* Work task
Below this line is the material. Write out only its lines from the one containing "Шеметово Сергиево-Посадского района" through the one containing "Camping Hammock Tent", both kept, exactly.

* Supplied records
____________
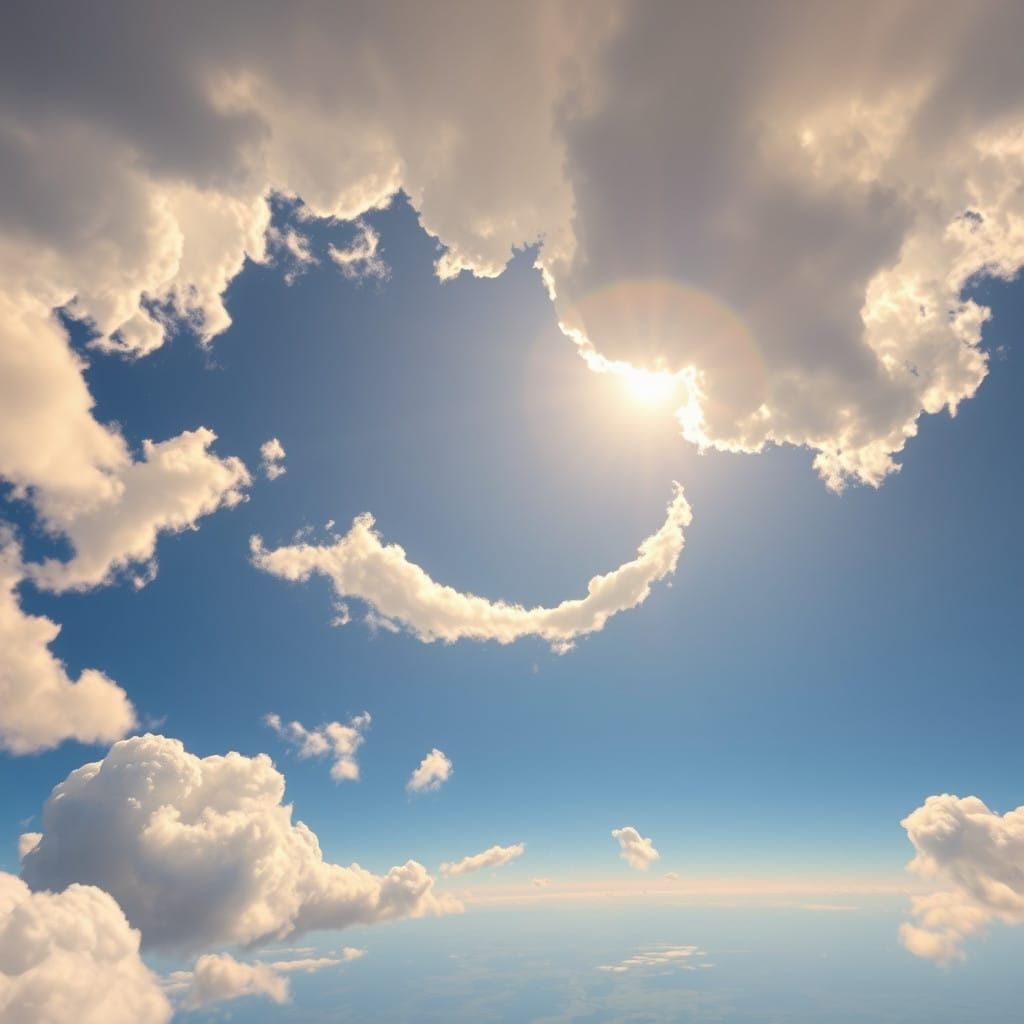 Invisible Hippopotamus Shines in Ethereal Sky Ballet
____________
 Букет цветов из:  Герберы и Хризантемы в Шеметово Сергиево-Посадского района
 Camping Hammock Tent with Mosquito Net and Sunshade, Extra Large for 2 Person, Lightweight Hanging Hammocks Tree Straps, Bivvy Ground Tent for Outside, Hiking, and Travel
____________
* Exercise output
 Букет цветов из:  Герберы и Хризантемы в Шеметово Сергиево-Посадского района
 Camping Hammock Tent with Mosquito Net and Sunshade, Extra Large for 2 Person, Lightweight Hanging Hammocks Tree Straps, Bivvy Ground Tent for Outside, Hiking, and Travel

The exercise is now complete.